The British Antarctic Survey (BAS) recently captured this footage of a huge crack in the Larsen C Ice Shelf, on the Antarctic Peninsula.
Currently a huge iceberg, roughly the size of Norfolk, looks set to break off Larsen C Ice Shelf, which is more than twice the size of Wales. Satellite observations from February 2017 show a growing crack in the ice shelf which suggests that an iceberg with an area of more than 5,000 sq km is likely to calve soon.
Researchers from Project MIDAS, led by Swansea University, have reported several rapid elongations of the crack in recent years. BAS scientists are involved in a long-running research programme to monitor ice shelves to understand the causes and implications of the rapid changes observed in the region. They shot this footage as they flew over the ice shelf on their way to collect science equipment.

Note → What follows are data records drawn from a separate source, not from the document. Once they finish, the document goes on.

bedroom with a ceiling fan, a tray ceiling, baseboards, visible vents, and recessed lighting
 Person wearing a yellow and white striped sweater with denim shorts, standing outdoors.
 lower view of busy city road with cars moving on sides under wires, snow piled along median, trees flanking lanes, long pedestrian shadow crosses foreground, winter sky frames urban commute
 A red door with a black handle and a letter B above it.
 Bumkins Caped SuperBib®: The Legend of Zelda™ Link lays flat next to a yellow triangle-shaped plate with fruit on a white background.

During the current Antarctic field season, a glaciology research team has been on Larsen C using seismic techniques to survey the seafloor beneath the ice shelf. Because a break up looks likely the team did not set up camp on the ice as usual. Instead they made one-off trips by Twin Otter aircraft supported from the UK’s Rothera Research Station.
Ice shelves in normal situations produce an iceberg every few decades. There is not enough information to know whether the expected calving event on Larsen C is an effect of climate change or not, although there is good scientific evidence that climate change has caused thinning of the ice shelf. Once the iceberg has calved, the big question is whether Larsen C will start to retreat.